OK, here are two pipelines and a minimal dataset: http://cb.uu.se/~petter/downloads/CP3Debug/cellpaintinganalysis.zip


The error was in these lines:

Failed to prepare run for module ExportToDatabase
Traceback (most recent call last):
File “/Users/…/CellProfiler/distribution/macos/CellProfiler/cellprofiler/pipeline.py”, line 2085, in prepare_run
if ((not module.prepare_run(workspace)) or
File “/Users/…/CellProfiler/distribution/macos/CellProfiler/cellprofiler/modules/exporttodatabase.py”, line 1836, in prepare_run
self.create_database_tables(self.cursor, workspace)
File “/Users/…/CellProfiler/distribution/macos/CellProfiler/cellprofiler/modules/exporttodatabase.py”, line 2371, in create_database_tables
execute(cursor, statement, return_result=False)
File “/Users/…/CellProfiler/distribution/macos/CellProfiler/cellprofiler/modules/exporttodatabase.py”, line 283, in execute
OperationalError: too many columns on analysis_Per_Object

While waiting for others’ help, you can try to bypass the error by removing one of the scale at “MeasureTexture” . At the moment it measures both scale 3 and 5. Skip either of them solves the issue.


It also worked to skip some of the other measurements.

Reported as a bug here. Thanks Petter!

Are you still working on solving the initial problem and not only giving a friendly warning?

My understanding is that we can’t totally fix the issue since it’s an inherent limitation of sqlite; I can bring it up at our weekly software meeting though to see if we can come up with any better options (choosing which measurements to export or figuring out something else).

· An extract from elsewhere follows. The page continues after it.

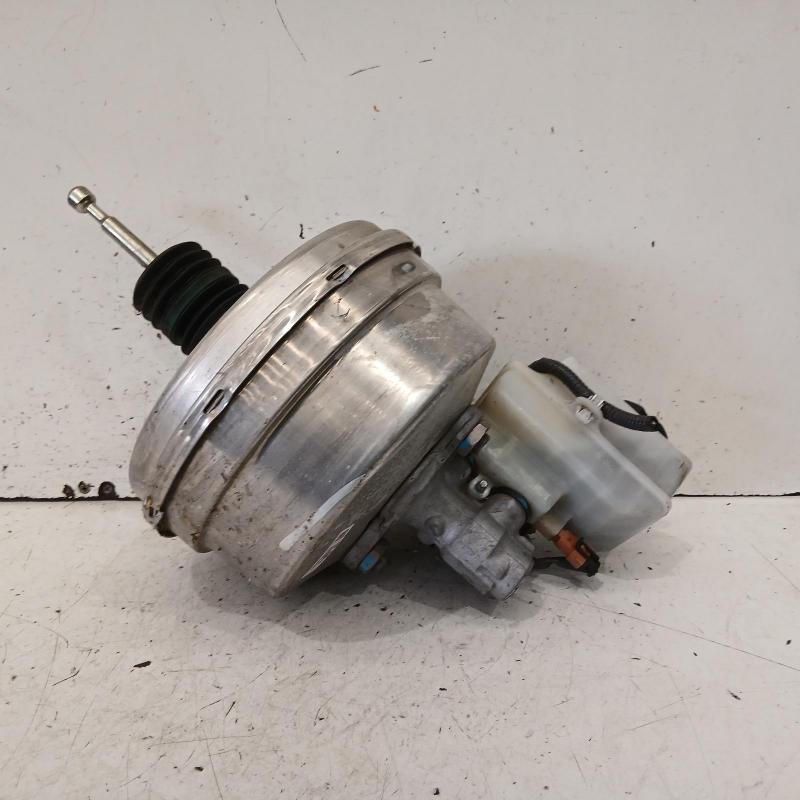 brake booster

How can it be an inherent limitation of sqlite if it works in CP2.2?

How can it be an inherent limitation of sqlite if it works in CP2.2?

Because the issue isn’t really that 3.0 can’t handle as many columns as 2.2, it’s that the 3.0 version of the pipeline makes so many more measurements that you run up against the inherent SQLite column limit.

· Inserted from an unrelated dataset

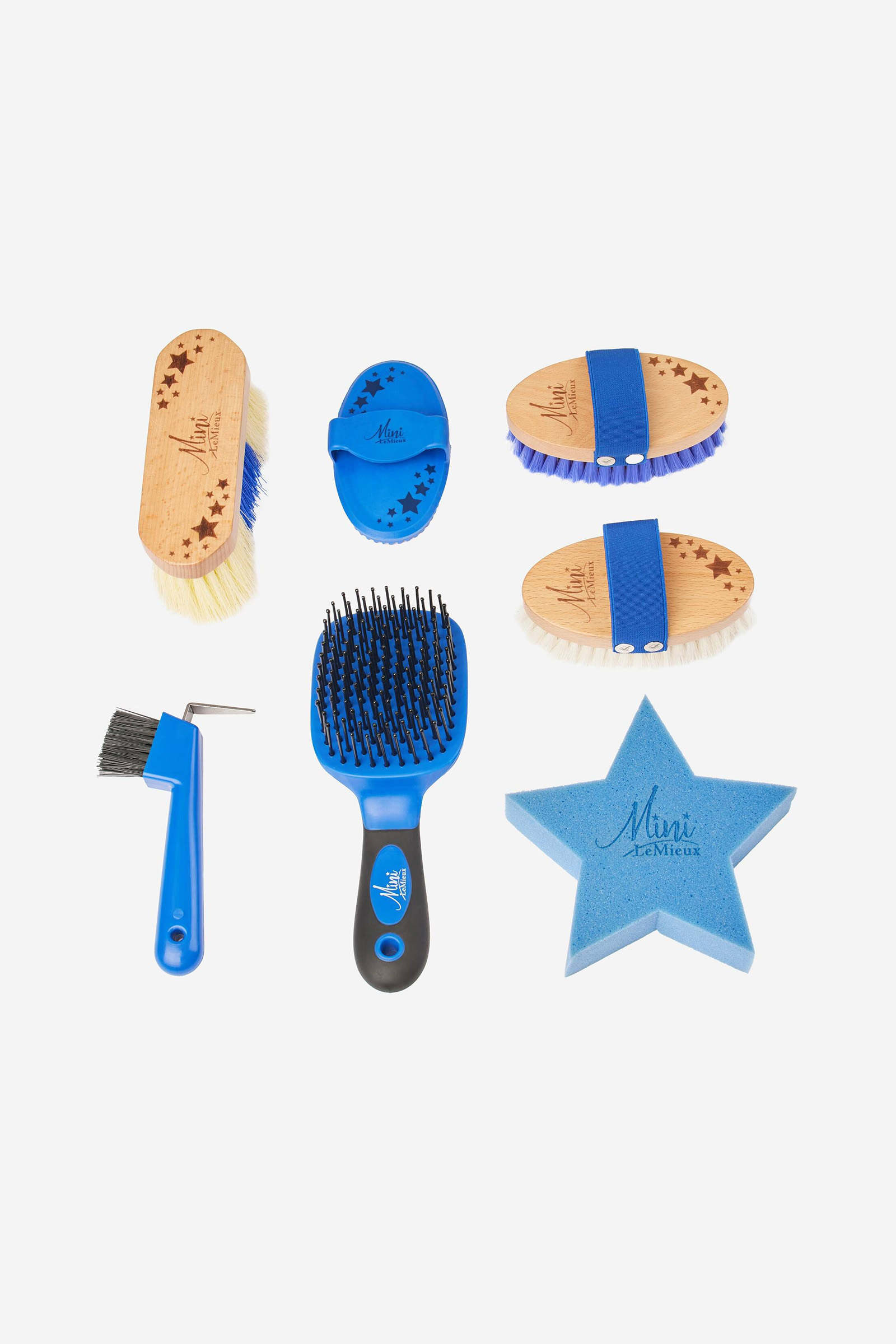 LeMieux Toy Pony Set da toelettatura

Your original 2.2 pipeline creates as table that’s ~920 columns wide (and I didn’t have the metadata CSV loaded, so probably 950 when all is said and done). There are 420 texture columns in total, so about 210 from each scale.

In 2.2 you were only measuring texture at one set of angles, an option that you don’t have in 3.0- 3.0 measures all of them. The 3.0 version of your pipeline with only one texture scale would be ~1350 columns wide with the metadata included, 780 of which are texture. So a 3.0 pipeline with 2 texture scales puts us at ~2130 columns, which is above the magic limit of 2000.

The good news is that since these 2130 columns are coming from 3 separate objects, you can use the “Single object view” rather than the “Single object table” mode in ExportToDatabase- from the help:

Single object view creates a single database view to contain the object measurements. A view is a virtual database table which can be used to package together multiple per-object tables into a single structure that is accessed just like a regular table. Choose Single object view if you want to combine multiple objects but using Single object table would produce a table that hits the database size limitations.

I do agree though that it’s likely other people will run into this (or might start running into issues if Texture gives them more than 2000 measurements for any individual object) so I’ll bring up with the team at the software meeting today based on those numbers whether or not we want to revisit the idea of going back to allowing you to choose angles and/or if we want to make major changes to how the Export modules work (which we do have planned for the long run, just not the short run).

OK, thanks for the explanation of the differences between 2.2 and 3.0.

I would also assume that it is rather likely that other people also will run into this type of problem.

We have been working with ExportToDatabase a lot lately and have a series of improvements in mind. I have opened this issue to try to collect some feedback and see if anyone else has any particular concerns they would like to see addressed:

Specifically relating to this thread, while it may appear practical this huge number of columns is neither practically scalable or beneficial from a usability perspective when using a database. We have run into tons of problems with column counts. As pipeline complexity increases this is only going to get worse to the point that even these very flexible database engines such as MySQL and SQLite won’t be able to store analytical outputs even when the per-object table strategy is used. This is already the case if you make extensive use of relationships.